Lysates from symptomatic TgA53T mice and αS PFF induce α-synucleinopathy with similar end-stage distribution.
Although the intracortical/intrastriatal (IC/IS) transmission model shows the induction and spread of αS pathology in TgA53T mice6, studies show that injections of pathogenic αS lysates or preformed αS fibrils (PFF) in multiple areas, including the skeletal muscle, can induce widespread αS pathology over time9. Thus, we examined whether the inoculation site impacts the onset and spread of αS pathology in TgA53T mice. Because brain stem (BrSt) neurons are affected early by αS pathology in both human PD10 and in the TgA53T mouse model8, we compared the disease produced by the IC/IS inoculation with the BrSt injections of αS PFF. We injected young, disease-free 3–6 month-old TgA53T mice (all from line G2-3 unless noted) with end-stage lysate (ESL or S3000, a crude 3000xg pooled lysate) from BrSt/Spinal Cord (SpC) of end-stage (ES) affected TgA53T mice or lysates from disease-free (asymptomatic lysate, ASL) 5–6 months old TgA53T mice (Fig. 1a-c). Immunoblot analysis (Fig. 1b) show that both ASL and ESL contain similar amount of total αS but ESL contains greater amount of pS129αS, consistent with pathology in ES TgA53T mice. Like that seen by Luk et al. (2012), the mean of survival for bilateral IC/IS injected mice was 98 ± 8.6 days post-inoculation (dpi) (Mean ± SD) (Fig. 1d, Supplemental Fig. 1). Unilateral inoculation of ESL into the BrSt resulted in earlier onset of motor dysfunction with the mean survival of 71.3 ± 18.7 dpi (Fig. 1d, S1a), a significantly shorter disease time course than with IC/IS dual injections. Inoculation of αS PFF into BrSt leads to mean survival time (77.4 ± 13.16 dpi, n = 5) that is like the ESL inoculation (Fig. 1d, S1a). All the mice injected with ASL or saline remained disease free at ~ 150 dpi (Fig. 1d) except one ASL-inoculated animal who succumbed to disease prematurely died at ~ 9 months of age, a time point where normal aged TgA53T mice start to show disease8. Thus, it is likely that this animal developed disease independently of the injected lysate.

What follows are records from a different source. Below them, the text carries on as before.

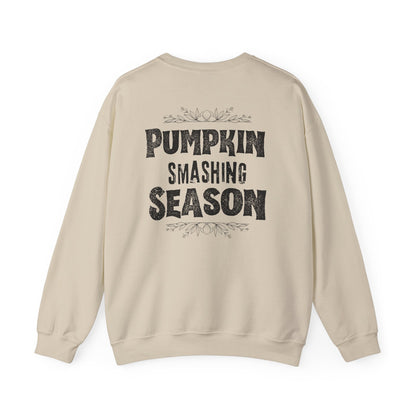 Pumpkin boo-bies (pumpkin smashing season) fleece crewneck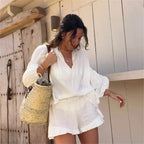 Ruffle Shorts Set – Women's Summer Co-ord Set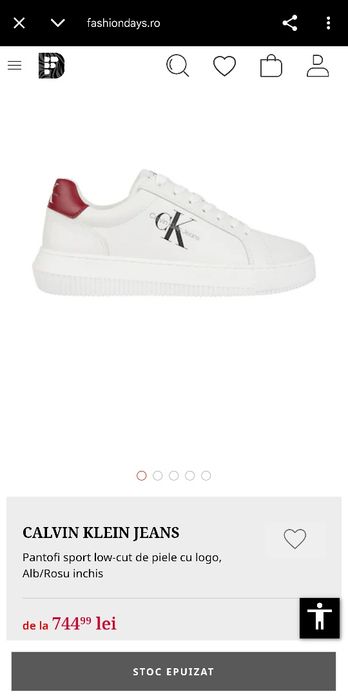 Vând adidas Calvin Klein originali din piele nr.43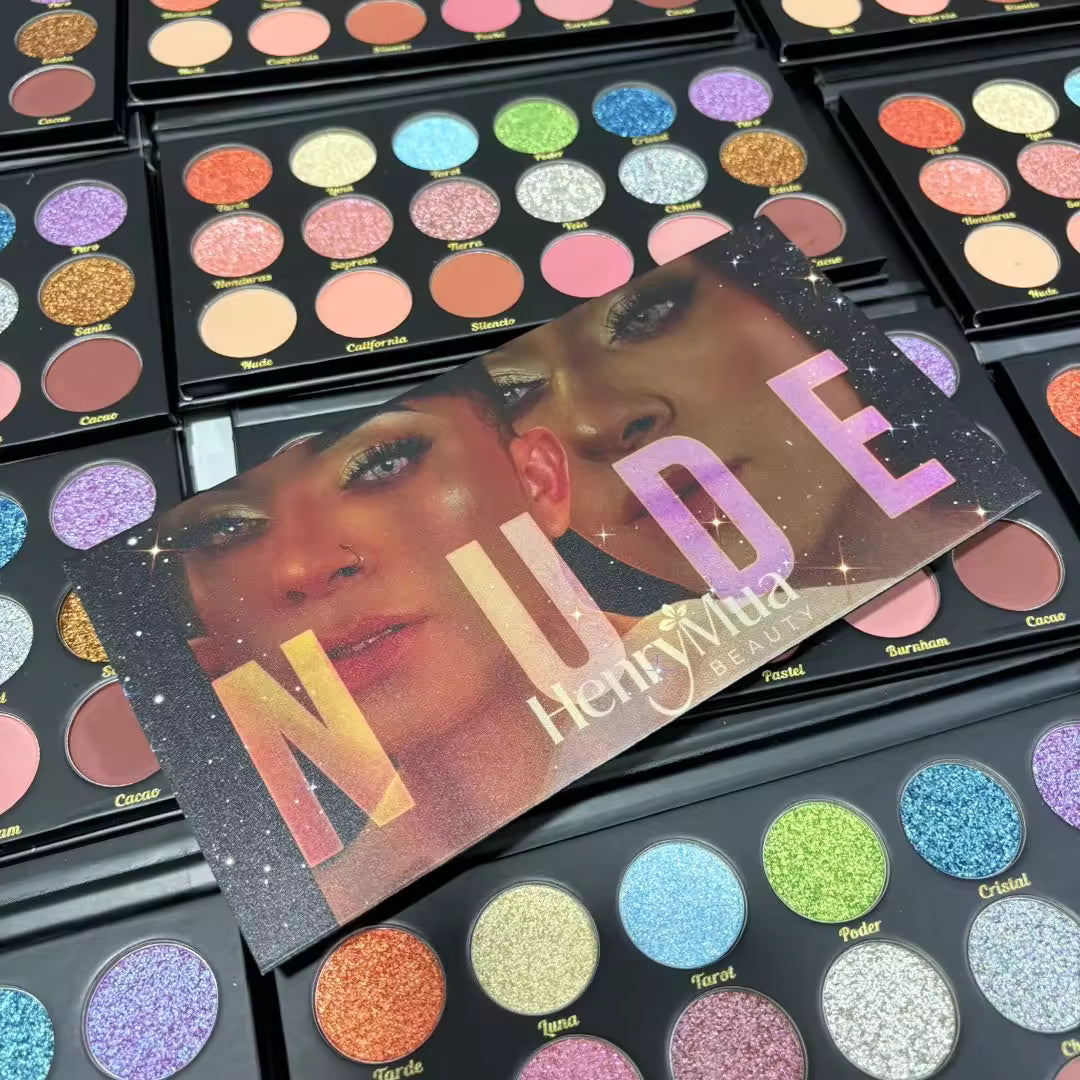 Paleta de sombras ,Nude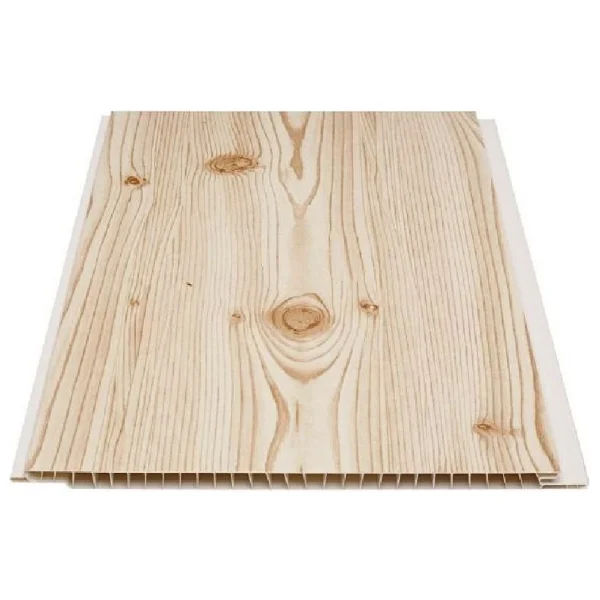 Ser Profil Fındık Ahşap Desen Plastik Pvc Duvar Tavan Lambiri / 20 Adet 20 cm x 1,5 M - 6 M2 - Görsel 5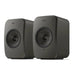 KEF LSX II LT | Haut-parleurs HiFi Sans fil - Compacte et versatile - Gris Graphite - Paire-SONXPLUS.com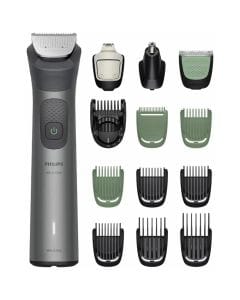 Philips Series 7000 All-in-One Cordless Trimmer, 15-in-1 Grooming Kit, BeardSense Technology, Self-Sharpening Steel Blades, 0.516mm, 120-Minute Runtime, Wet & Dry - MG7922/15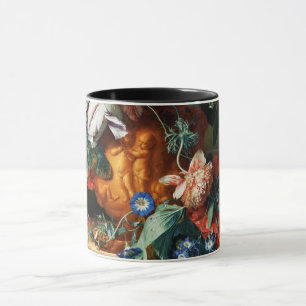 BOUQUET OF FLOWERS IN AN URN MUG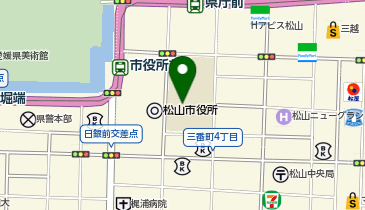 番町小学校の地図画像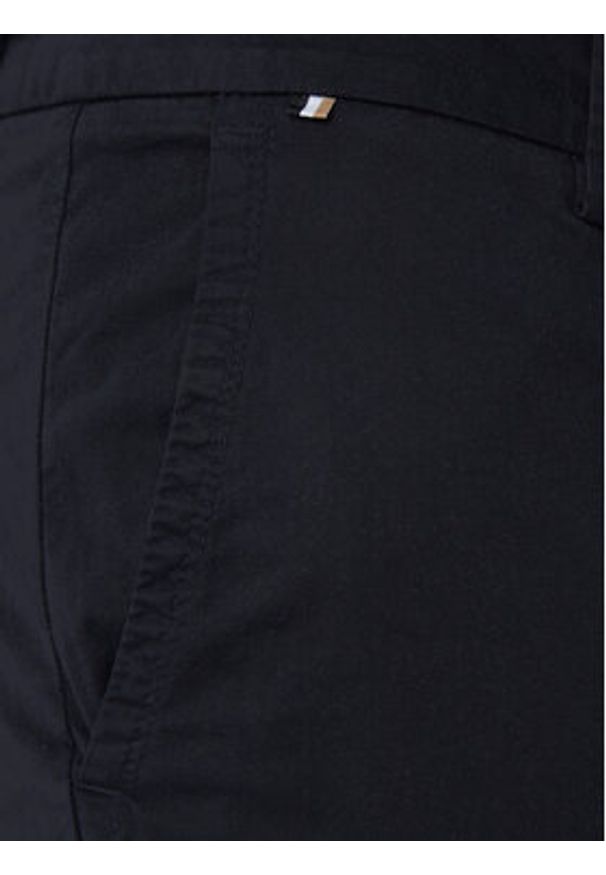 BOSS - Boss Chinosy Kaiton 50505392 Granatowy Slim Fit. Kolor: niebieski. Materiał: bawełna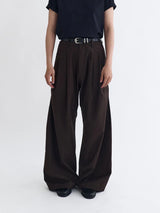 26SS PT4 Side-Pleated Trousers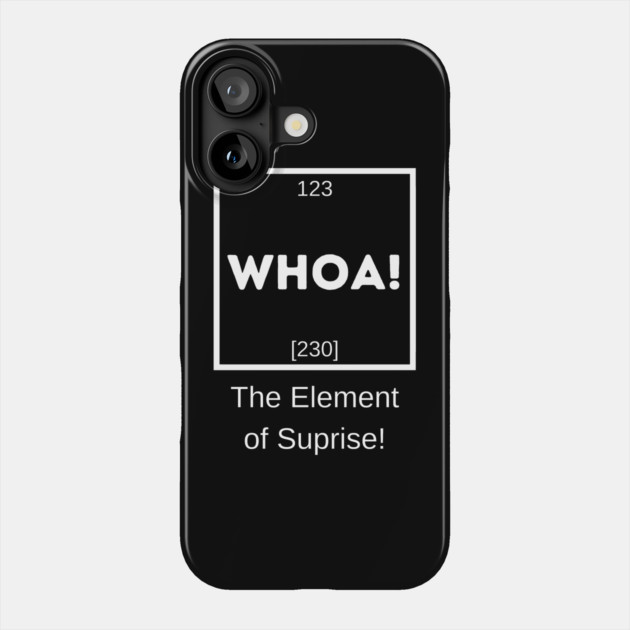 Whoa! The Element of Suprise Phone Case by MakerMind8.2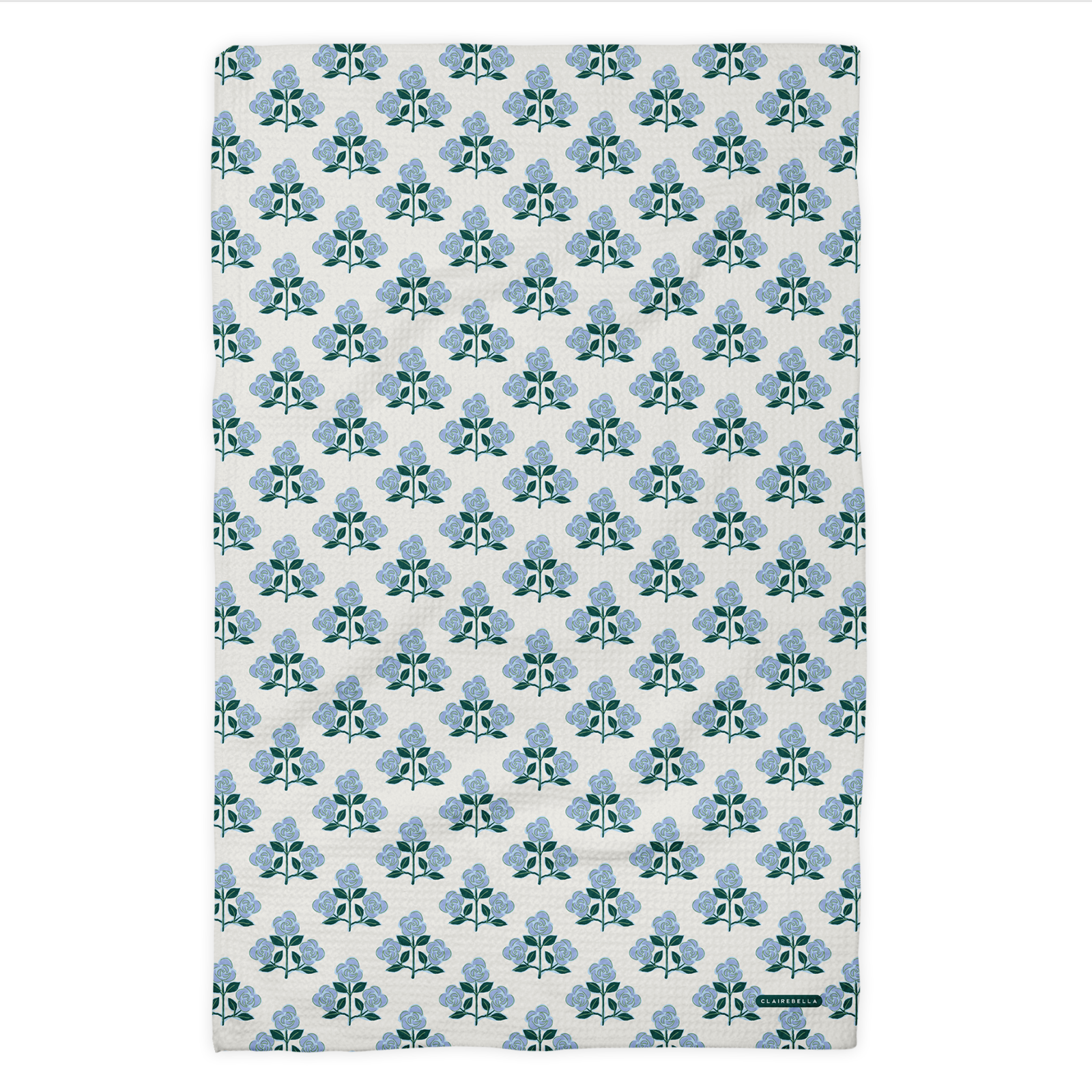 Waffle Weave Kitchen Towel - Betsy Blue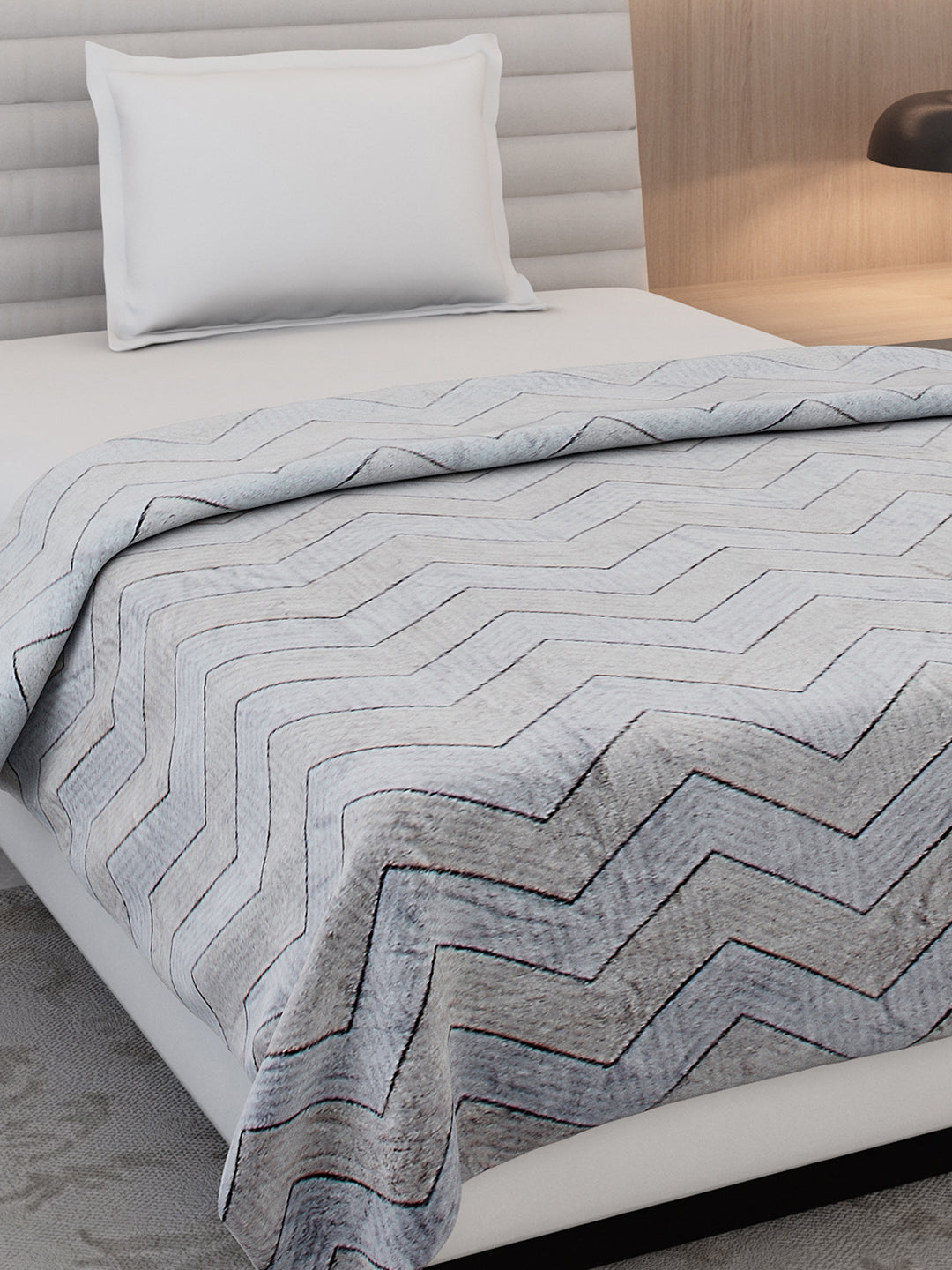 Printed Single Bed 300 GSM Blanket for AC Room - (Kaira)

Biochemical analysis of the ESL inoculated animals confirms that the ESL, but not ASL, leads to αS pathology (Fig. 2a). Analysis of Triton X100-detergent soluble and insoluble fractions reveal the accumulation of insoluble high molecular weight (HMW) species of αS (Fig. 2a, asterisks) in the SpC of ESL injected mice. In the ESL injected mice, insoluble pS129αS accumulates in BrSt and SpC, corresponding to the regions most affected by αS pathology (Fig. 2a). Consistent with lack of αS pathology, pS129αS does not accumulate in ASL (Fig. 2a) or Saline (not shown) injected mice. This pattern of αS pathology is equivalent to that seen with the ES TgA53T mice that normally develop α-synucleinopathy from aging8.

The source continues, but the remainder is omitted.